Letters to the Editor

Indian Pediatrics 2002; 39:504-505

Reply

So far IAP is concerned, there is no confusion regarding the schedule. Since there has been a change from the previous schedule, it needed some clarification which was provided in the publication(1). I shall like to clarify the point raised by Dr. Yash Paul, which is relevant.

In vaccination when an antigen is administered, it leads to several responses, e.g., humoral, cell mediated and stimulation of memory cells. Hepatitis B vaccine protects by raising antibody titer to more than 10 IU/ml, which is the protective antibody titer and also act through stimulation of memory cells(2).

It has been observed in several previous studies that the protective antibody level following 3 doses (0,1 and 6 months or 6, 10, 14 weeks or 2, 3, 4 months) persists for a period of atleast 15 years(3). Although the antibody level falls below the protective level after 15 years, there is protective anamnestic antibody response after exposure to hepatitis B virus. This stimulates the memory cells and prevents reinfection by hepatitis B virus. It has also been further noted that some of the individuals who had been infected later on did not develop chronic infection (carrier state) and also were free from development of chronic hepatitis, cirrhosis of liver or hepatocellular carcinoma. In view of this fact, WHO recommends that there is no need of any booster dose of the vaccine (4,6).

WHO has recommended three different schedules e.g., 0, 6 and 14 weeks; 6, 10 and 14 weeks and 0, 6, 10 and 14 weeks. The first schedule starting within 24 hours of birth is recommended in countries where perinatal transmission rate is high. The second option is for countries where perinatal transmission rate is low. The third option suggested by WHO is for ease in administration in the National UIP program where combination vaccine with DPT can be administered at 6, 10 and 14 weeks and monovalent hepatitis B is given at birth. It may be difficult to remember by the health workers to give only DPT vaccine at 10 weeks and combination vaccine at 6 and 14 weeks. Thus, to have uniformity in the National program this 4 dose option has been recommended. This schedule does not produce added benefit raising the antibody titer or booster effect. So far, with the existing scientific knowledge, the three dose schedule suggested by IAP is sufficient unless new information or recommendation emerges.

New Delhi 110 001, India.

1. Dutta AK. IAP Hepatitis B Immunization schedule. Indian Pediatr 2001; 38: 1335-1338.

2. Halder SC, Margolis HS. Hepatitis B immuniza-tion vaccine types, efficacy and indications for immunization. In: Current Topics in Infections Diseases, Vol 12. Eds. Remington JS, Swartz MN. Boston, Blackwey Scientific Publications, 1992; pp 282-308.

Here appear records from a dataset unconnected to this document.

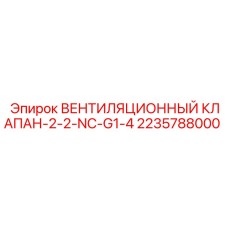 2235788000 ВЕНТИЛЯЦИОННЫЙ КЛАПАН-2-2-NC-G1-4 Epiroc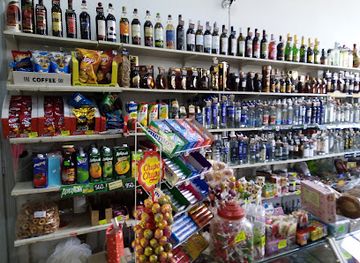 armenia/dilijan/shop/ter-karapetyanner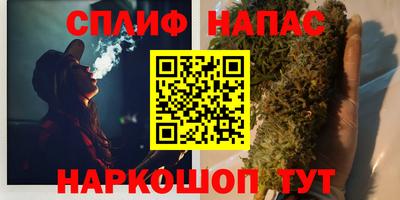 прущий лед Апшеронск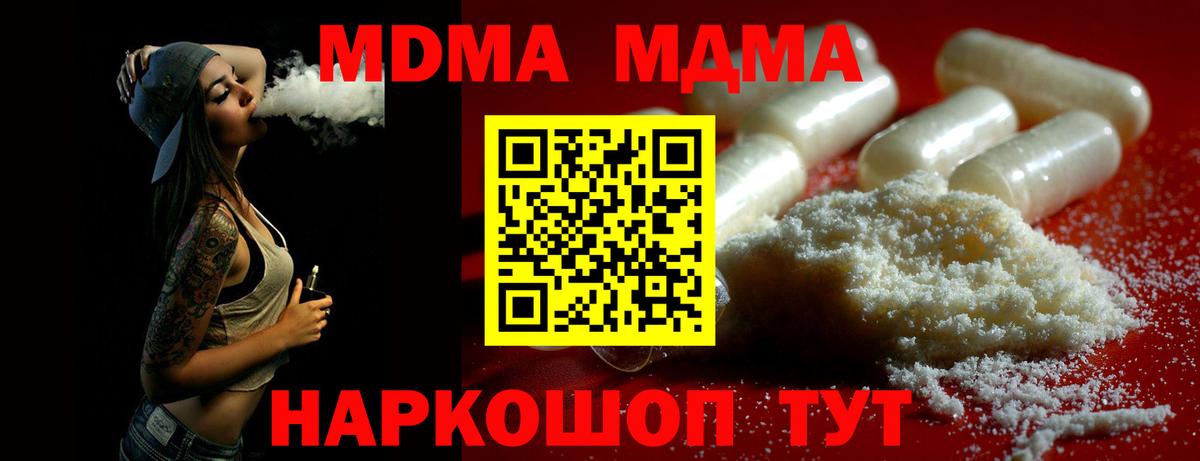 МДМА  Вход с VPN  MDMA crystal  Крымск  МДМА crystal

3. Harpaz R, Mc Mohan BH, Margolis HS. Elimination of chronic hepatitis B virus infections: Results of the Alaska immunization program. J Infect Dis 2000; 181: 413-418.

4. European Consensus Group on Hepatitis B Immunity. Are booster immunization needed for lifelong hepatitis B Immunity? Lancet 2000; 355: 561-565.

5. Centre for Disease Control. Hepatitis B virus: A comprehensive strategy for eliminating trans-mission in the United States through universal childhood vaccination. Recommendation of the Immunization Practices Advisory Committee. MMWR 1991; 40 (NORR - 13): 1-25.

6. Introduction of Hepatitis B Vaccine Into Childhood Immunization Program. Manage-ment Guidelines, Including Information for Health Workers and Parents. Department of Vaccine and Biologicals. World Health Organization, Geneva, Final draft for comment, February 2001. Website: www.vaccines.WHO. int/vaccines-documents.